Exploring uncertainty in optimal operations of electrical systems
Northern Powergrid
As electricity networks evolve to respond to the needs of the UK’s net zero commitment by 2050, new methods of managing and expanding our electricity system at the pace, cost and system efficiency are being deployed throughout the country. Novel electrical engineering systems such as smartgrids, economic ‘nudges’ such as time of use charging, environmental impact tracking such as carbon monitoring and governance systems such as distributed system operation are being created to achieve these net zero ambitions.

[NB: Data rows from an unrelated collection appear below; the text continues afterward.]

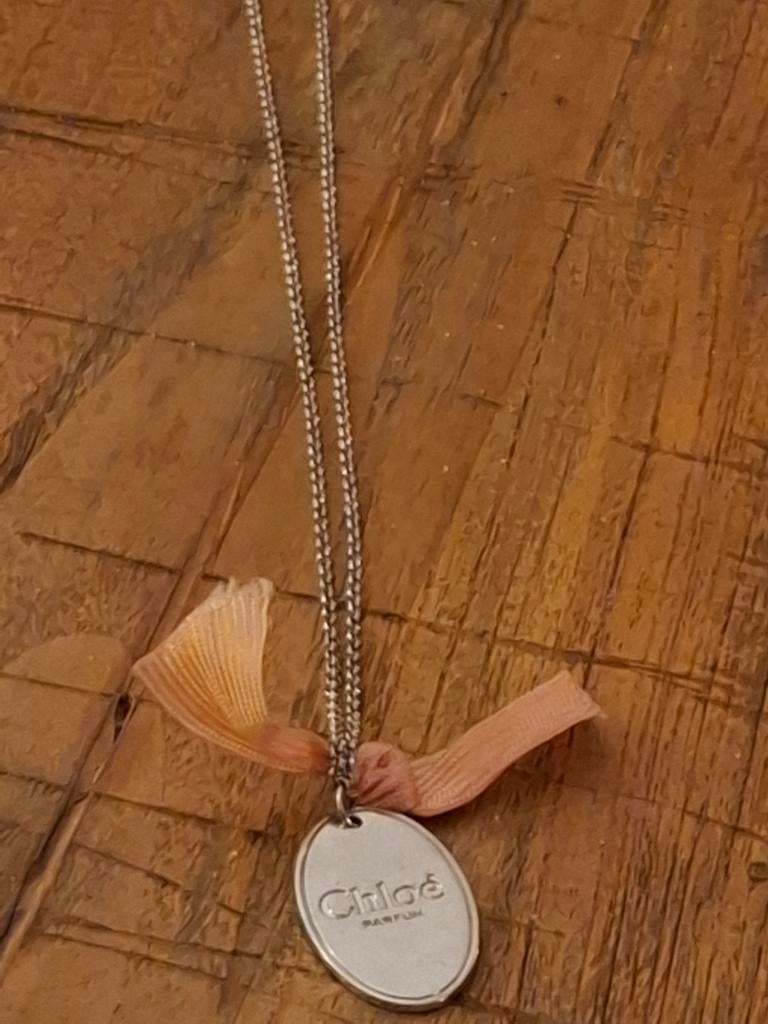 Chloé ketting met hanger, Ophalen of Verzenden, Zo goed als nieuw, Zilver, Overige materialen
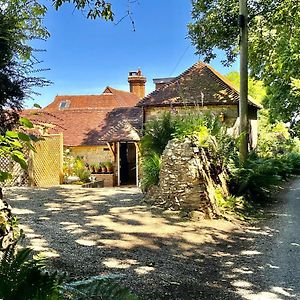 The Old Stables Lodsworth Exterior photo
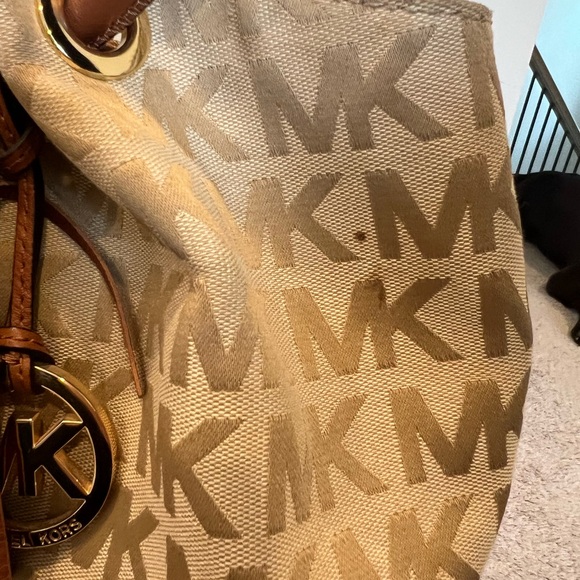 Michael Kors Purse - Picture 3 of 6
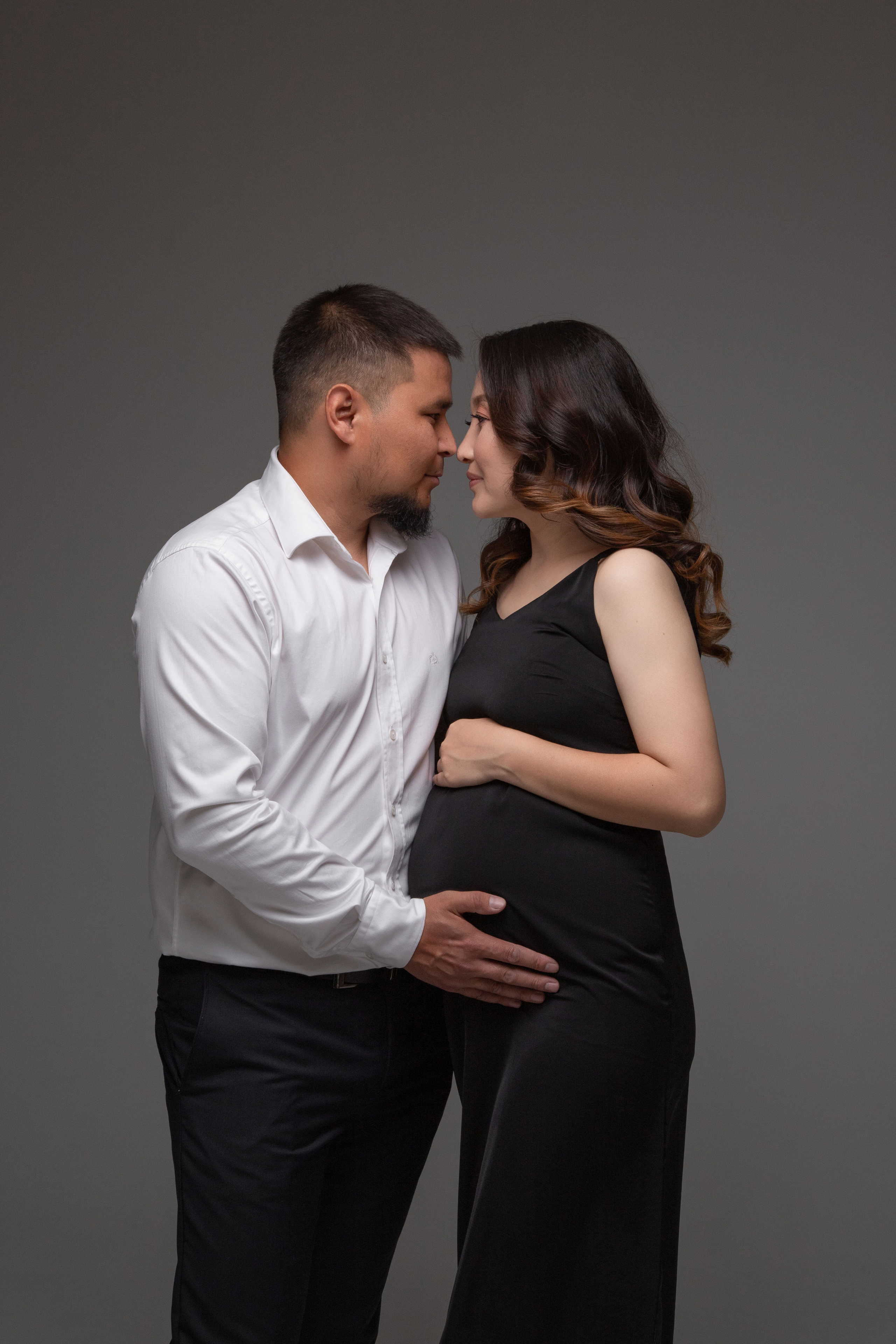 Aigerim pregnancy. Свадебный фотограф в Бишкеке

Generative AI for Biofilm Analysis
Biofouling is the unwanted colonisation of marine/aquatic organisms on immersed substrates – which includes on ships hull. Biofouling on ships' hulls increases hull surface roughness, which in turn increases frictional resistance and ultimately increases fuel consumption and total emissions of a ship. A biofilm is a type of biofouling and is a slimy layer made of living microorganisms embedded in an extracellular polymeric matrix. Biofilms on ships are known to increase the drag penalty by up to 40%.
Surveys of ships around the world show that, even visually, not all marine biofilms are the same. Variance in biofilms, attributed to differences in both the composition and community, results in differences to the frictional drag.
Historically it was a real challenge to measure the surfaces of biofilms but more recently, biofilm imaging has opened up with the adoption of a technology called optical coherence tomography (OCT). OCT lets us image down through living biofilms over a surface area approximately the size of a penny. We have been using OCT imaging to get a closer look at the biofilms that grow on different coatings and developed methods to image biofilms in conjunction with measuring the drag penalty.
There are complexities in imaging biological samples, and thorough imaging can be quite time consuming. The invention of generative AI, we believe, could help us to build an image dataset of a range of different biofilms that we wouldn’t otherwise be able to collect from imaging real-world biofilms alone.
As generative AI is a relatively new technology, we haven’t attempted to use it for this application, as such, we are wanting to explore it’s potential.
"The challenge was particularly interesting from a research point of view as there could be many different approaches to solving this problem. Therefore, the project drew a fantastic selection of candidates to our team from different fields."